Questa invece dovrebbe invece diventare ‘la guerra di quest’anno’ (parafrasando il detto che i generali combattono sempre la guerra precedente). Accenno ad alcuni temi che meritano ognuno una discussione approfondita, per dare un’idea dei problemi cui mi riferisco (l’ordine è casuale):
- le ‘banche zombie’ sono la causa prima del credit crunch, e il deleveraging(riduzione dell’indebitamento) nel settore finanziario, in primis bancario, è unaforte causa della recessione attuale, forse anche più rilevante delle politiche fiscali restrittive. Certamente, i due problemi sono legati a doppio filo, perché tra sofferenze nei bilanci delle banche e andamento dei titoli del debito pubblico il rapporto di causalità è bidirezionale. Serve quindi urgentemente un’unione bancaria che preveda soluzioni europee a problemi che i singoli Stati da soli non sembrano riuscire a risolvere.

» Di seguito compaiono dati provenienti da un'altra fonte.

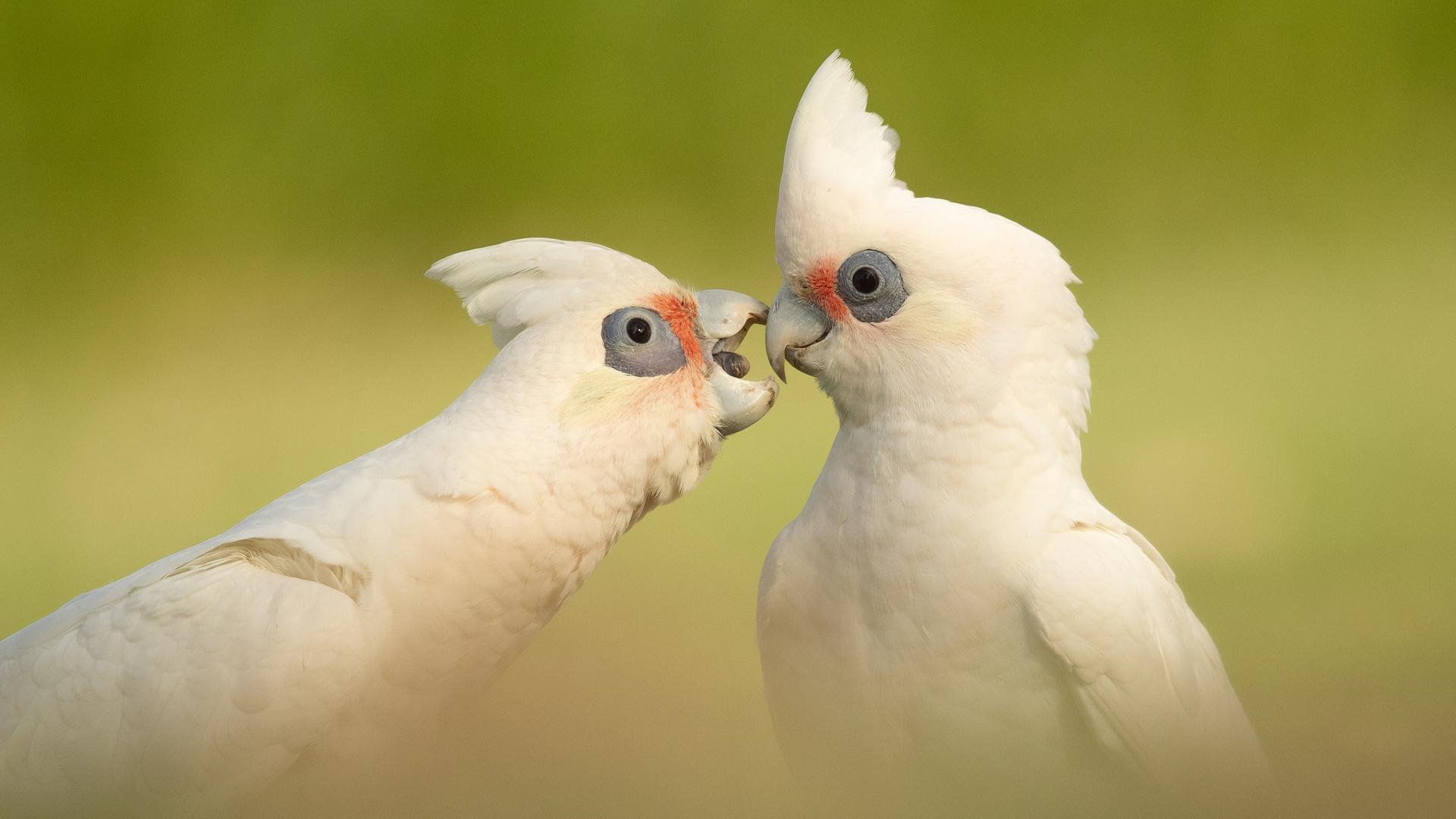 Zwei Corellas aus der Familie der Kakadus. Weiß mit weißer Haube und rötlichem Fleck zwischen Schnabel und Auge. Der eine Vogel beißt dem anderen in den Schnabel.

- gli squilibri delle bilance dei pagamenti permarranno, con o senza golden rule. Occorre ribadire che da un punto di vista post-keynesiano è il debito estero ad essere problematico, non (generalmente) il debito pubblico. Perché gli Stati in deficit (i PIGS, poi GIPSI) possano ridurre il proprio debito estero, i paesi in surplus (in primis la Germania) devono accettare di veder ridurre la propria posizione esterna netta, ovvero devono presentare un deficit delle partite correnti quantomeno rispetto a questi Stati (il punto è un po’ tecnico, me ne scuso).
- le istituzioni europee e dell’area dell’euro continuano ad essere inappropriate, alimentando la speculazione contro i paesi periferici dell’euro, e in generale rallentando o impedendo una soluzione alla crisi. Non c’è solo un problema di democrazia ma anche di assenza di un soggetto pubblico che affianchi il mercato (ad esempio che finanzi la spesa in infrastrutture materiali e immateriali a livello europeo, che regoli e supervisioni l’economia in modo uniforme, ecc.), mancano gli strumenti che potrebbero fare dell’euro una valuta internazionale di riserva (ad es. gli eurobonds), va riformato il mandato della BCE (senza bisogno di cambiarne lo Statuto, peraltro).
- la regolazione della finanza (si pensi ai problemi di too-big-to-fail, i meccanismi di retribuzione dei managers, la regolazione dei derivati scambiati over-the-counter, solo per citare alcuni esempi) non è un problema moralistico ma economico: per ora, i paesi industrializzati stanno lentamente uscendo dalla crisi solo tramite la creazione di inflazione degli asset (leggi: bolle finanziarie). Non precisamente un modello di sviluppo sostenibile, ed è sbagliato l’approccio di chi guarda alla finanza al più come un’appendice dell’economia reale.
- il declino italiano esiste, non è solo una conseguenza della più recente crisi economica. E’ in primis un problema di mancata crescita della produttività, protrattosi per decenni ormai. Certamente, il primo motore della crescita della produttività sono gli investimenti, ma c’è anche una corresponsabilità delle politiche intraprese finora, che ad esempio hanno tentato di creare occupazione “per legge” tramite riforme del lavoro che hanno, sì, parzialmente ridotto la disoccupazione, ma al prezzo di ritardare ulteriormente il necessario cambiamento strutturale della nostra industria verso le produzioni a maggior valore aggiunto.
La posizione neokeynesiana (a tratti perfino statalista), se non si affianca ad una di maggiore regolazione del mercato, sia ancora largamente insufficiente per farci uscire dalla crisi.